TASK OBJECTIVE —
Would you retype exactly the lines below, from the one containing "Funny Rabbit Mechanic" through the end of the entries, both ends included, but not the pictures?
┌──
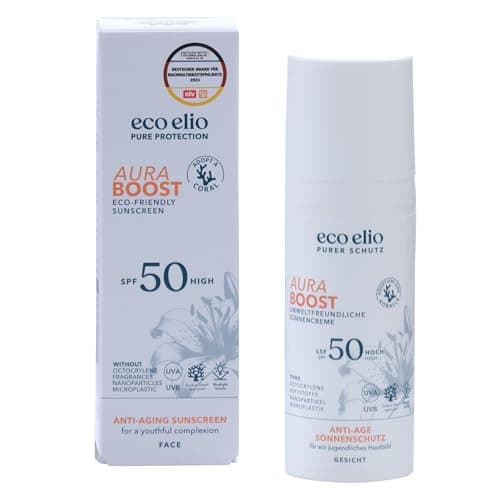 eco Elio SPF 50 Sustainable Sun Cream 50ml Aura Boost I Without octocrylene and microplastics I Sunscreen Face I Sun Cream 50 Travel Size Small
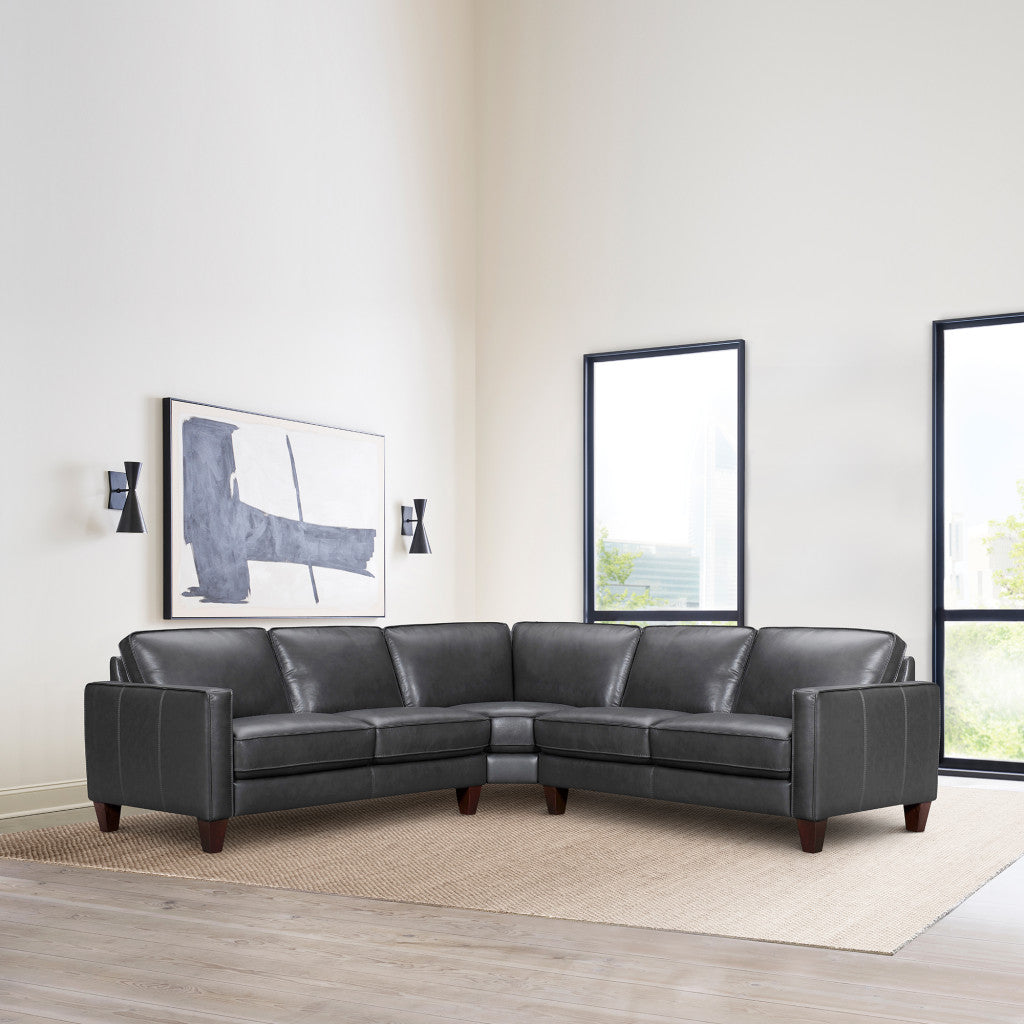 Black Leather L Shaped 3 Piece Sectional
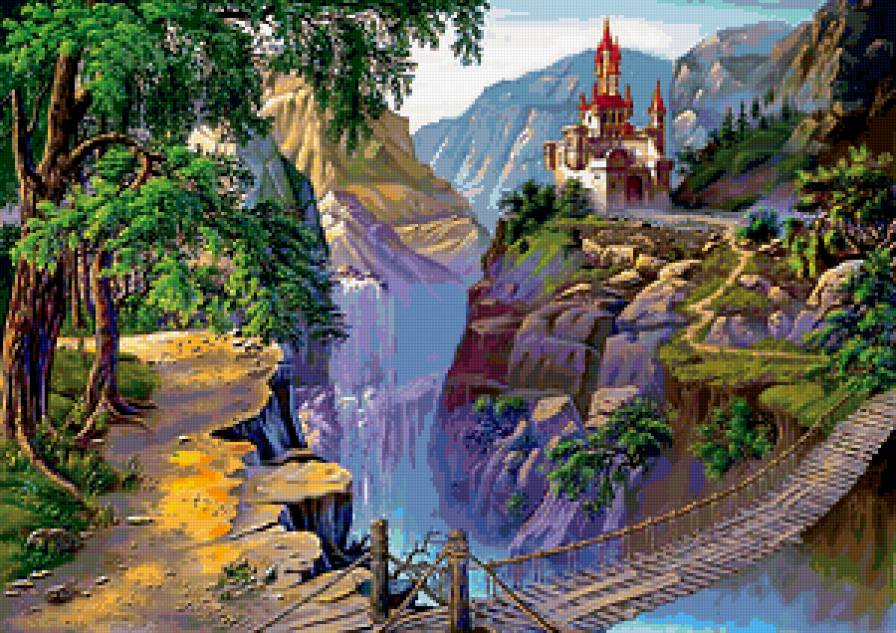 Ущелье - мост, горы, замок, ущелье - предпросмотр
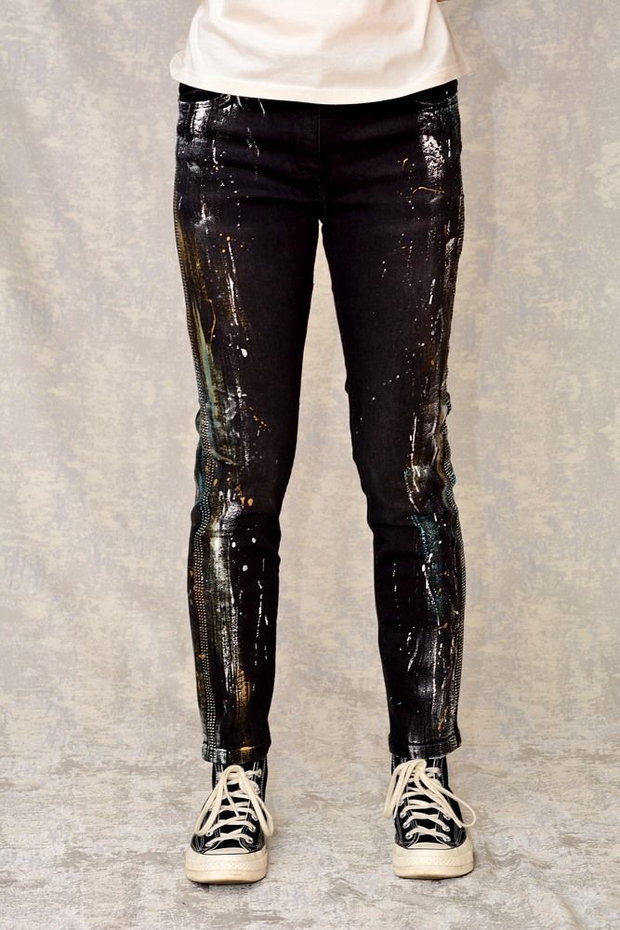 Blugi negri, Skinny Fit, pictați manual, unicat
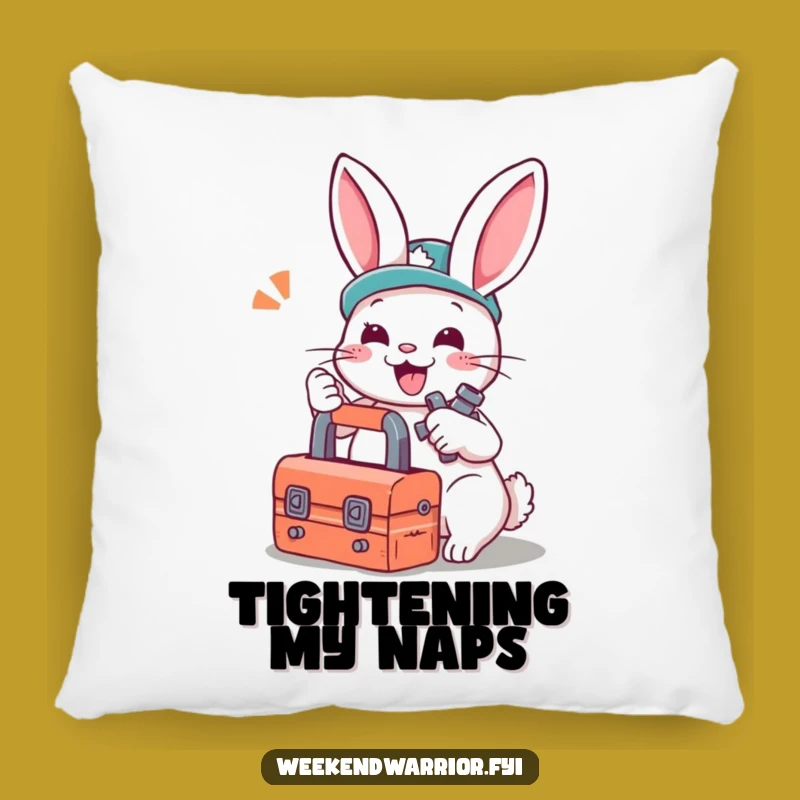 Funny Rabbit Mechanic Pillow: Cozy Bunny Repair Cushion, Comfy Gift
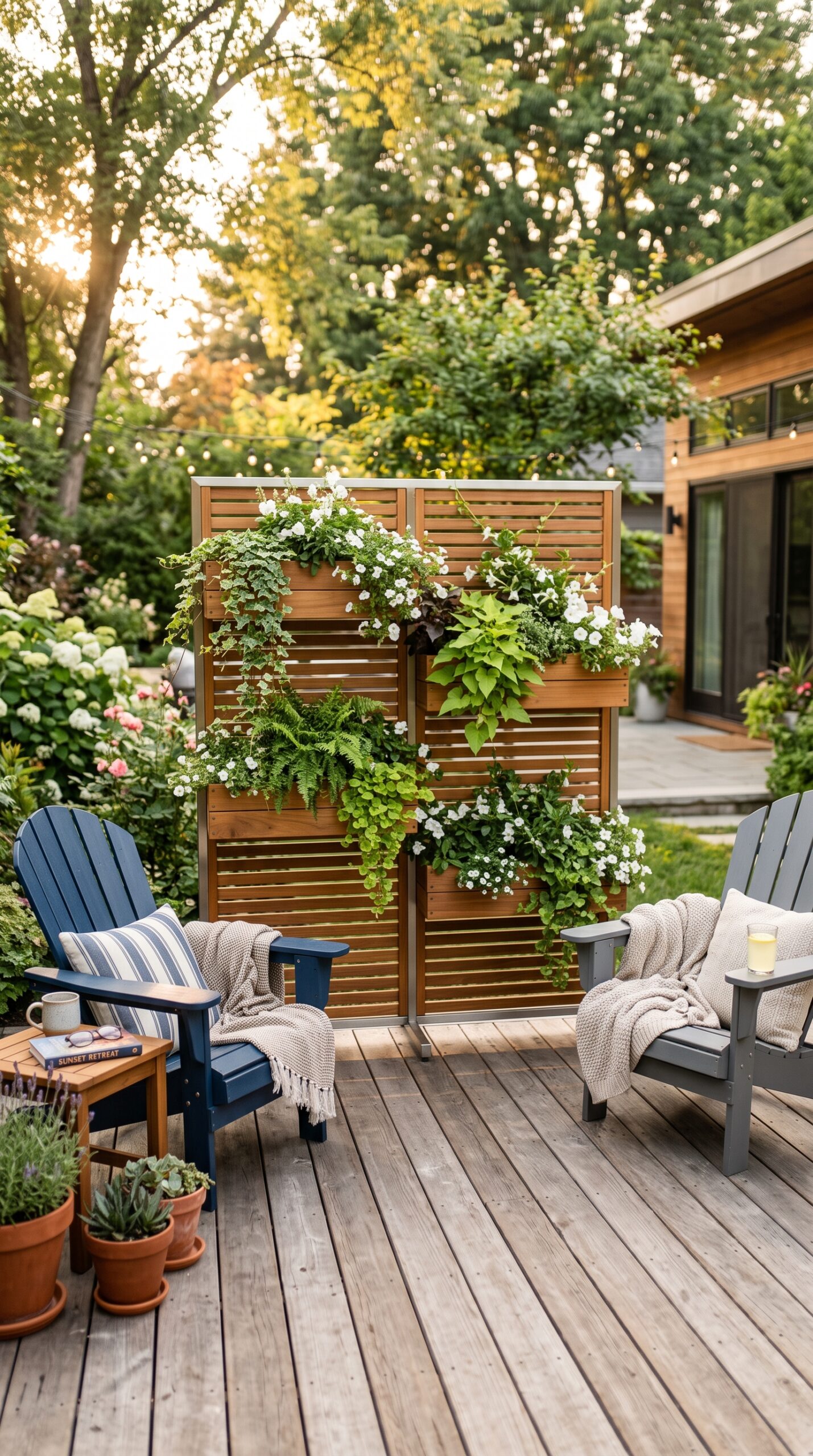 Modular Outdoor Room Divider with Planter Boxes
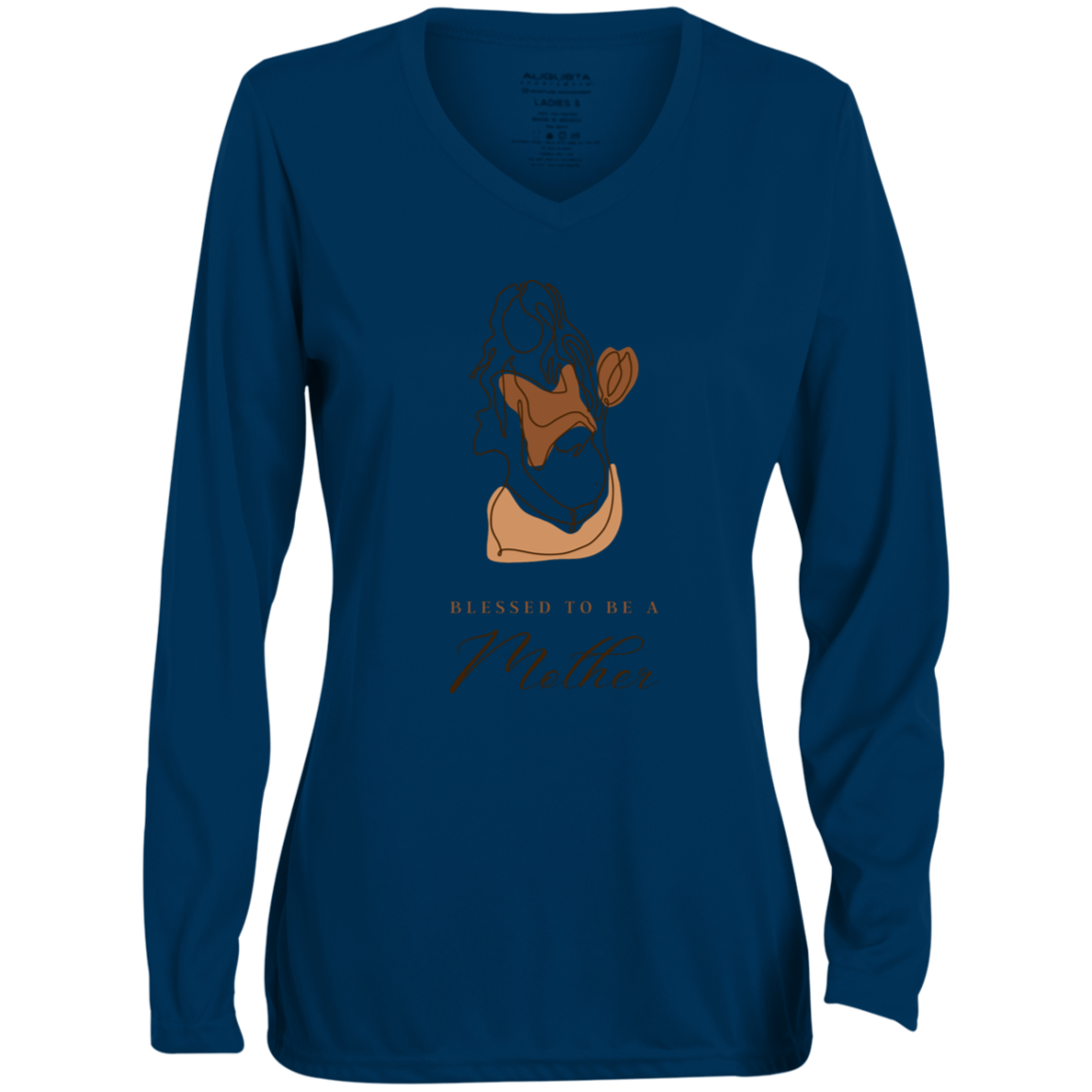 BLESSED TO BE A MOTHER Moisture-Wicking Long Sleeve V-Neck Tee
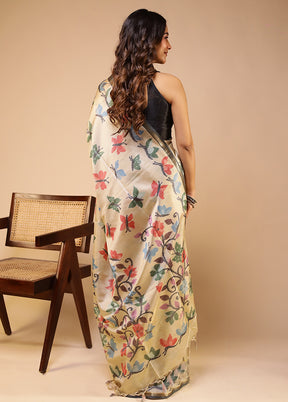 Cream Tussar Silk Saree With Blouse Piece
└──
RESPONSE TO THE EXERCISE —
 Funny Rabbit Mechanic Pillow: Cozy Bunny Repair Cushion, Comfy Gift
 Modular Outdoor Room Divider with Planter Boxes
 BLESSED TO BE A MOTHER Moisture-Wicking Long Sleeve V-Neck Tee
 Cream Tussar Silk Saree With Blouse Piece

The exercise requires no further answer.